Improving Minimax Estimation Rates for Contaminated Mixture of Multinomial Logistic Experts via Expert Heterogeneity

TL;DR

This paper establishes the first theoretical convergence analysis for contaminated mixture of multinomial logistic experts in classification, demonstrating that expert heterogeneity improves estimation efficiency and achieves minimax optimal rates.

Contribution

It provides the first convergence analysis for contaminated MoE in classification and shows expert heterogeneity enhances estimation speed and sample efficiency.

Findings

Heterogeneous experts lead to faster convergence rates.

Established minimax optimality of the estimation rates.

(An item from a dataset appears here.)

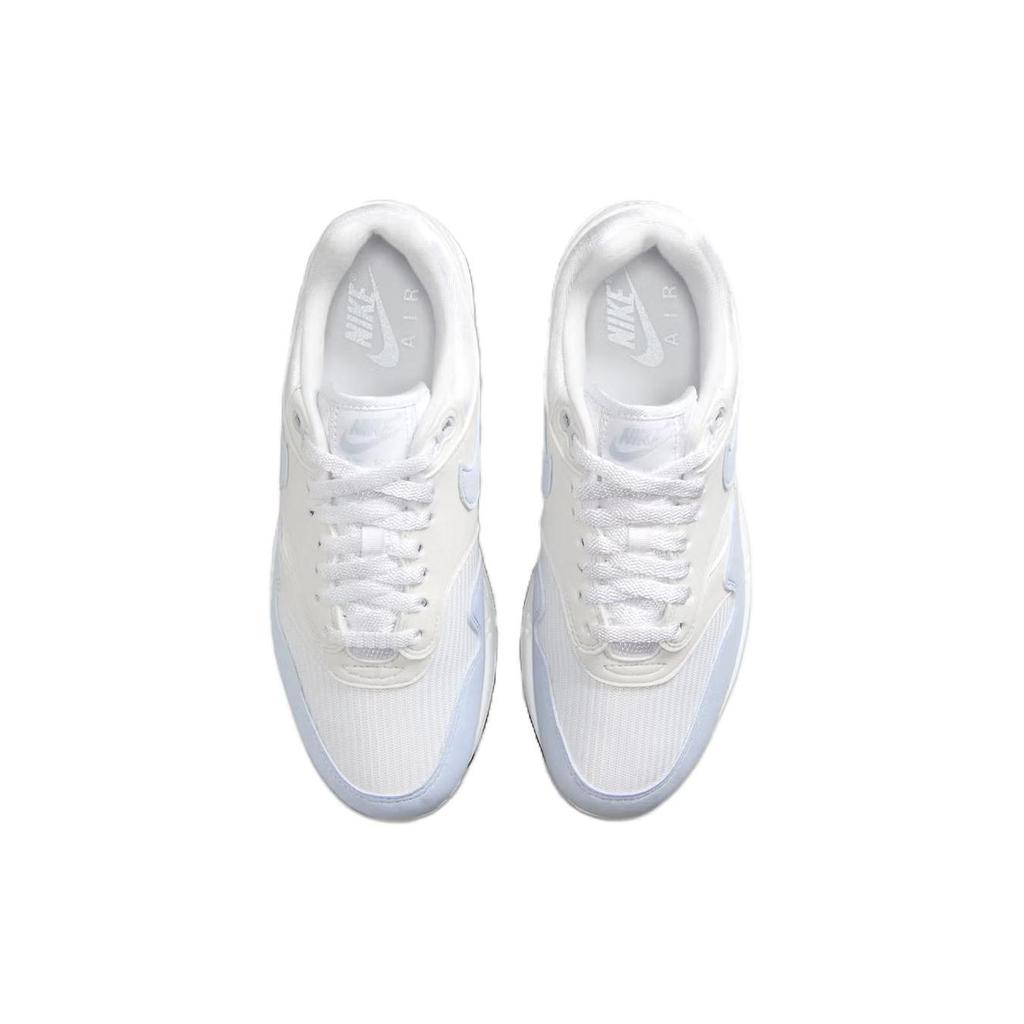 Nike Air Max 1 Football Grey DZ2628-105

Provided the first theoretical foundation for contaminated MoE in classification.

Abstract

Contaminated mixture of experts (MoE) is motivated by transfer learning methods where a pre-trained model, acting as a frozen expert, is integrated with an adapter model, functioning as a trainable expert, in order to learn a new task. Despite recent efforts to analyze the convergence behavior of parameter estimation in this model, there are still two unresolved problems in the literature. First, the contaminated MoE model has been studied solely in regression settings, while its theoretical foundation in classification settings remains absent. Second, previous works on MoE models for classification capture pointwise convergence rates for parameter estimation without any guaranty of minimax optimality. In this work, we close these gaps by performing, for the first time, the convergence analysis of a contaminated mixture of multinomial logistic experts with homogeneous and heterogeneous structures, respectively. In each regime, we characterize uniform convergence rates for estimating parameters under challenging settings where ground-truth parameters vary with the sample size. Furthermore, we also establish corresponding minimax lower bounds to ensure that these rates are minimax optimal. Notably, our theories offer an important insight into the design of contaminated MoE, that is, expert heterogeneity yields faster parameter estimation rates and, therefore, is more sample-efficient than expert homogeneity.